Gesammelte Schriften Band 5 • 1932 - 1936

Johan O. Smith

Brief an Aksel J. Smith, 10. April 1935

Gesammelte Schriften Band 5 • 1932 - 1936
Horten, 10. April 1935
Lieber Sohn Aksel,
Friede.

Herzlichen Dank für den Brief und das Manuskript, die ich heute bekommen habe. Ich muss sagen, dass es eine große Freude für uns ist, von Fortschritt in Koppang zu hören. Ich weiß ja selbst, wie hart es dort oben ist. Das war eine verwunderliche Schriftstelle in Hi. 12, 22, die du bekommen hast. Ja, in Wahrheit enthüllt Gott, was im Finstern verborgen liegt und zieht den Todesschatten ans Licht. Es ist Gottes Wort, das all dies tut. Sei daher freimütig und glaube daran, dass Gottes Wort all dies tut. Den Todesschatten zieht er ans Licht. Dieses Harte, Schroffe, Undurchdringliche muss ans Licht hervor, es kann sich nicht länger verbergen, es verliert die Kraft, seine Beute festzuhalten, und dann gelangt die Seele zum Durchbruch.

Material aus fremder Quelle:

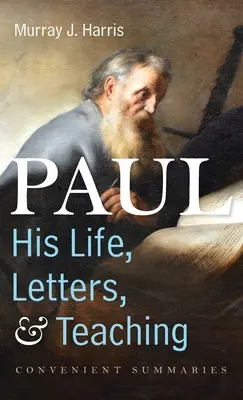 Pavel - Viața, scrisorile și învățătura sa - Paul-His Life, Letters, and Teaching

Das Verborgene kommt aus der Finsternis hervor. Der Fürst der Finsternis muss seine Beute loslassen. Alles geschieht durch die Verkündigung des Evangeliums Christi. Sei daher froh, dass du durch Gottes Gnade an einem solchen erforschenden Evangelium der Herrlichkeit teilbekommen hast. Wir sehen ja nicht all die verborgene Arbeit, die in den Herzen vor sich geht; doch dass im inneren Bewusstsein der Seele sehr viele Dinge geschehen, ist ganz sicher. Wir säen, andere können in die Arbeit hineinkommen, und dann wird das Verborgene ganz ans Licht hervorkommen. Deshalb ist unsere Arbeit im Herrn nicht vergeblich. Mit diesem Glauben und in dieser Kraft können wir Diener des Geistes sein. Vergiss das nicht!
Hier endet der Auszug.